:: Goal of the exercise ::
Exactly the lines below, starting with the one containing "A hiker climbing up a steep rocky mountain." and going on through the one containing "Forever New Petite", must be reproduced, both ends included, and no pictures with them.

:: Data shown ::
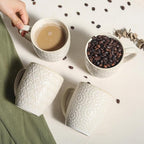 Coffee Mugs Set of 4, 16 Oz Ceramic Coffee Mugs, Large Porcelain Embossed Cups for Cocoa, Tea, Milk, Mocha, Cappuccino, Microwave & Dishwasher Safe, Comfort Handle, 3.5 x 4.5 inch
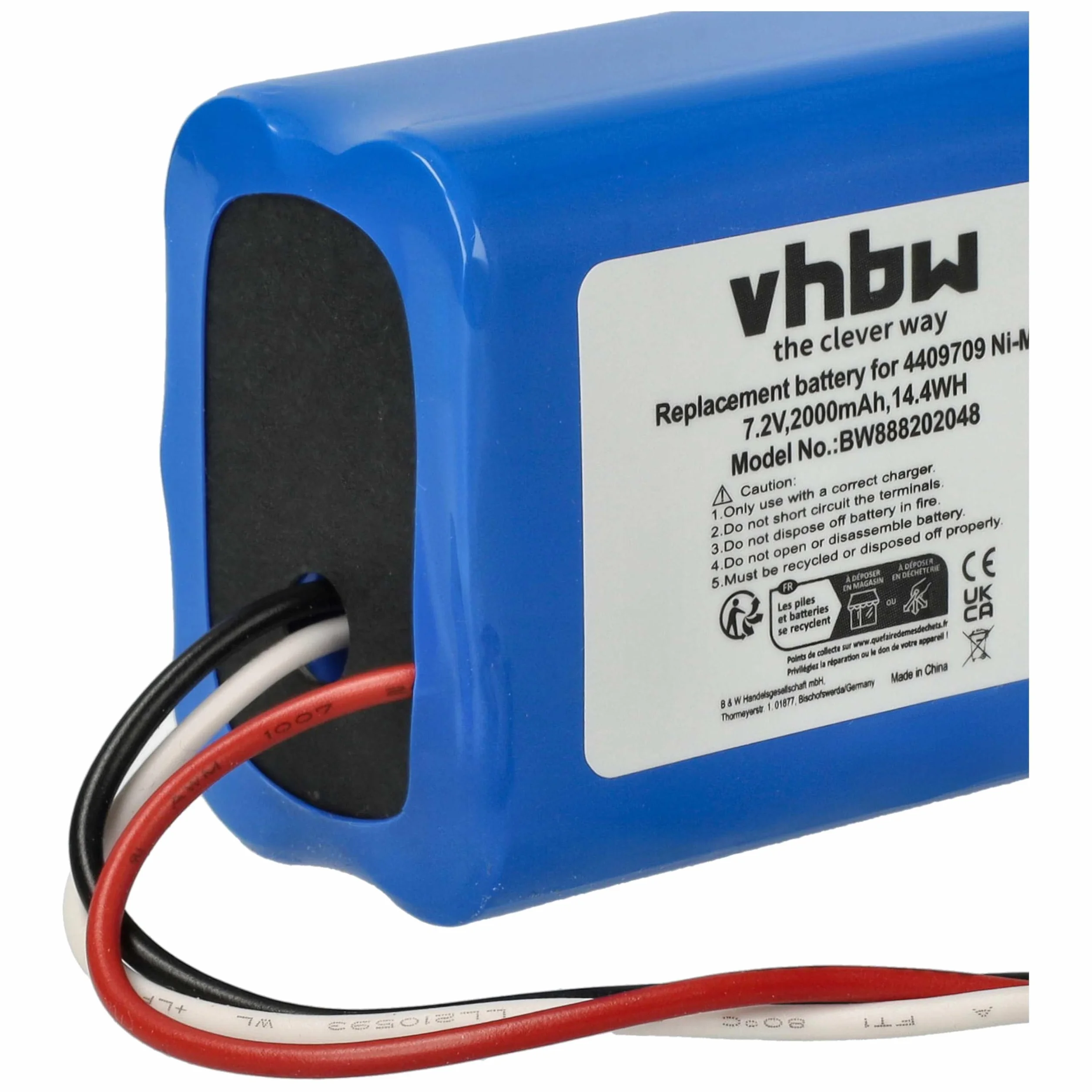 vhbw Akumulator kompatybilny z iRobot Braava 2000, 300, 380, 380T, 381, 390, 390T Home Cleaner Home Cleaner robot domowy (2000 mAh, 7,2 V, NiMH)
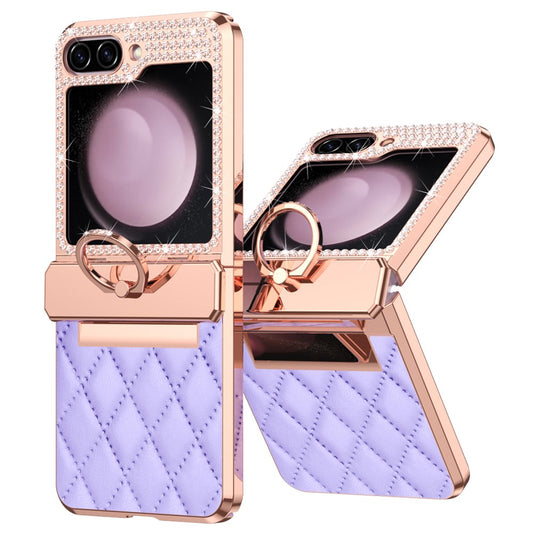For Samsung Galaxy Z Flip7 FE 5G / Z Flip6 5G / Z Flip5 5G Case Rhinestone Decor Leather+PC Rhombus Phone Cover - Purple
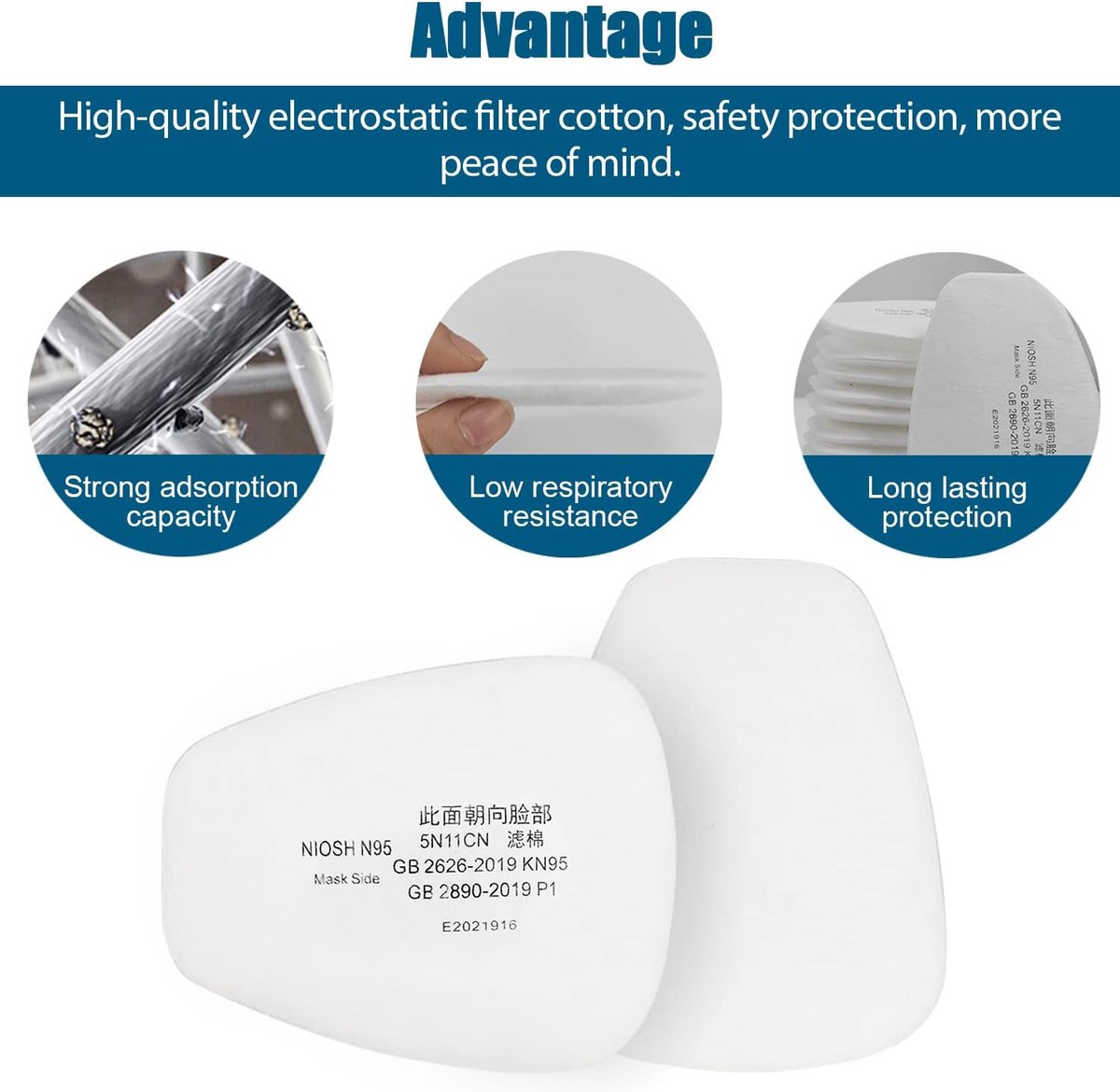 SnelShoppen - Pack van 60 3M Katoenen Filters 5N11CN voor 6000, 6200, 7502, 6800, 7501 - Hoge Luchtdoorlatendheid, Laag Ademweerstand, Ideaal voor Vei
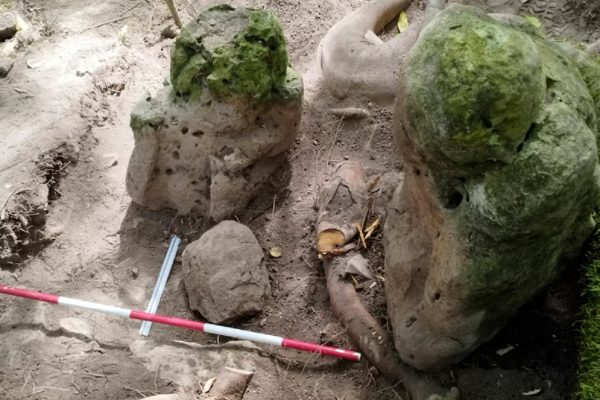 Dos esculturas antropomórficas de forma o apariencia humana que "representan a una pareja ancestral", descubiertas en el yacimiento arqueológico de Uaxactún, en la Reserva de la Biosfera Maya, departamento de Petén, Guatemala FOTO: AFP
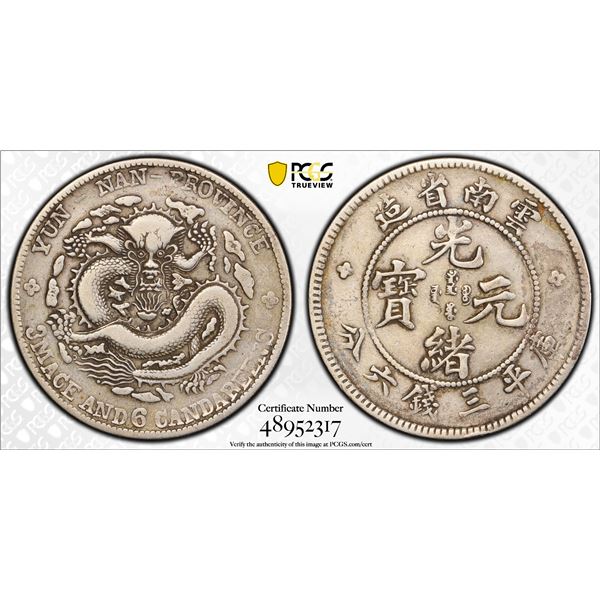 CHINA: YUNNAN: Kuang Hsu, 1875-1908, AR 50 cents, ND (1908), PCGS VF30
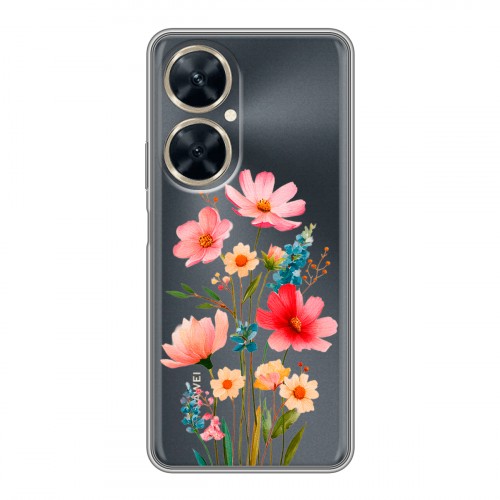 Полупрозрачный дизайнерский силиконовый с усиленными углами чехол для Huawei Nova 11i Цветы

* * *

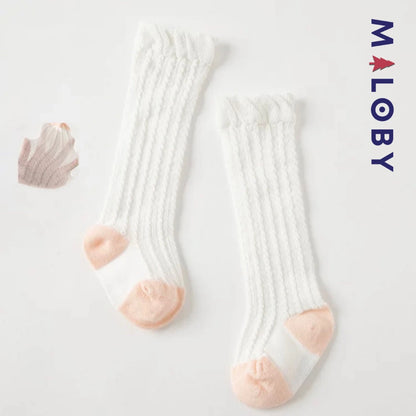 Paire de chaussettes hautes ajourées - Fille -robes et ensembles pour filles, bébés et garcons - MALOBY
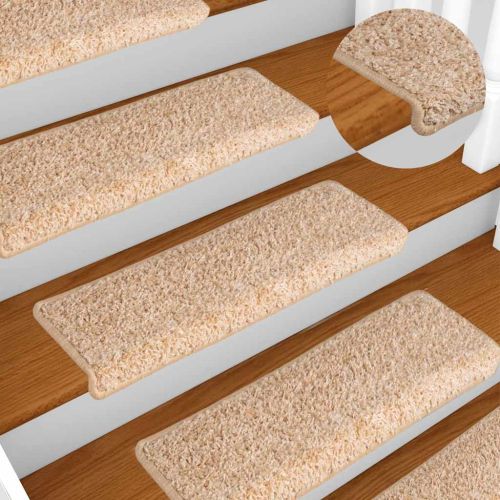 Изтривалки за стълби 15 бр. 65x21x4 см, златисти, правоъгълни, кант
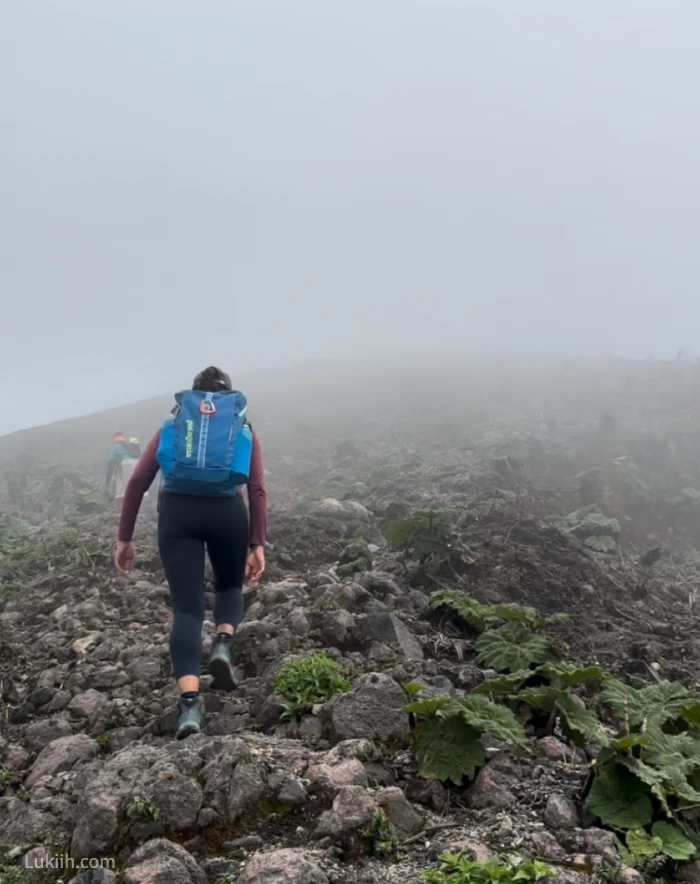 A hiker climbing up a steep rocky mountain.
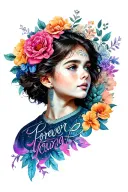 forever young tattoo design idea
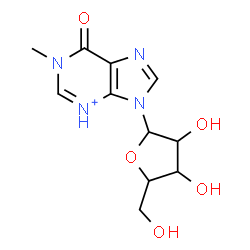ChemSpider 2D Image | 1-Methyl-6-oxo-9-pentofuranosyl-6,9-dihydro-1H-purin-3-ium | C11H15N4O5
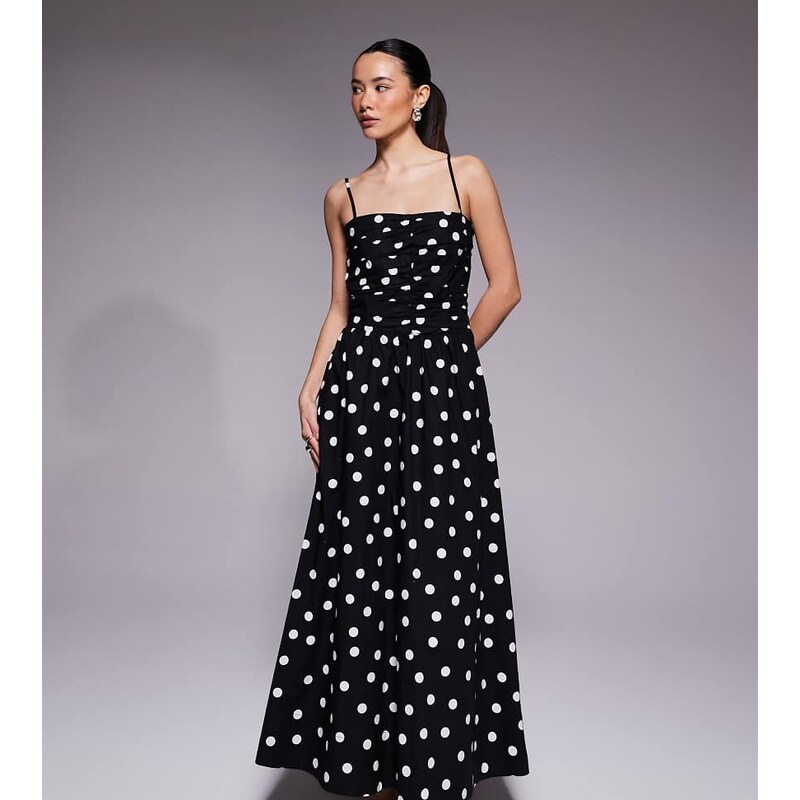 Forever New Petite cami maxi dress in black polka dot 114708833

==

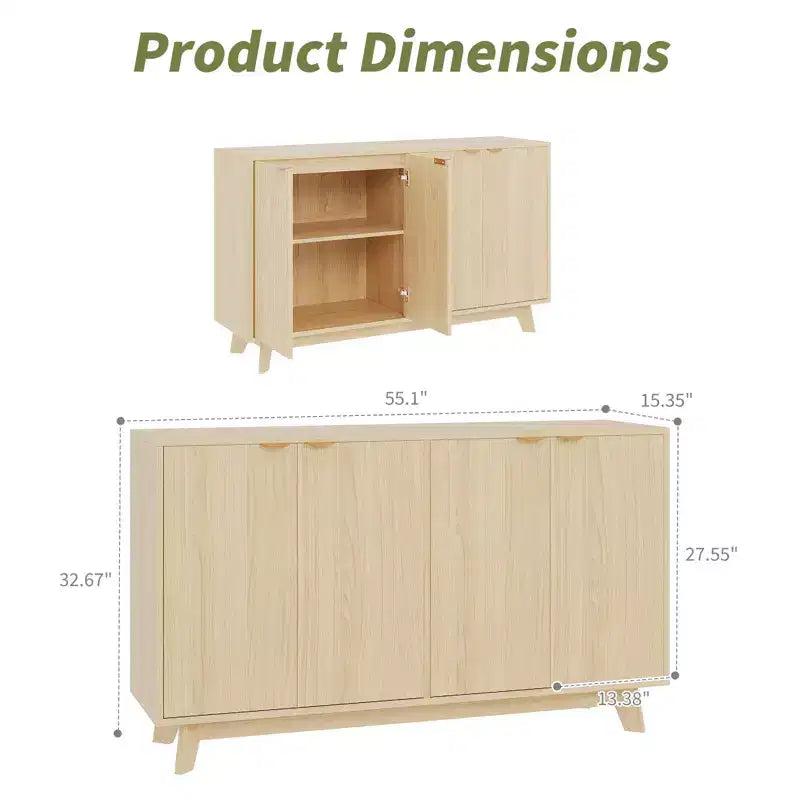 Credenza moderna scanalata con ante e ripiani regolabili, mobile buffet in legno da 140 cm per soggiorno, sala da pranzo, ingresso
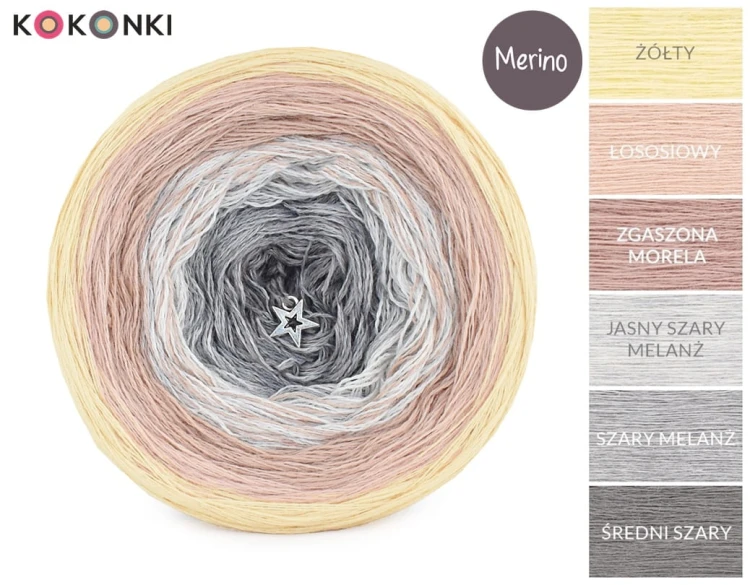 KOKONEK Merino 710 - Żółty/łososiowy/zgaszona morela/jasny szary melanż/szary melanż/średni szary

:: The completed task ::
 A hiker climbing up a steep rocky mountain.
 forever young tattoo design idea
ChemSpider 2D Image | 1-Methyl-6-oxo-9-pentofuranosyl-6,9-dihydro-1H-purin-3-ium | C11H15N4O5
 Forever New Petite cami maxi dress in black polka dot 114708833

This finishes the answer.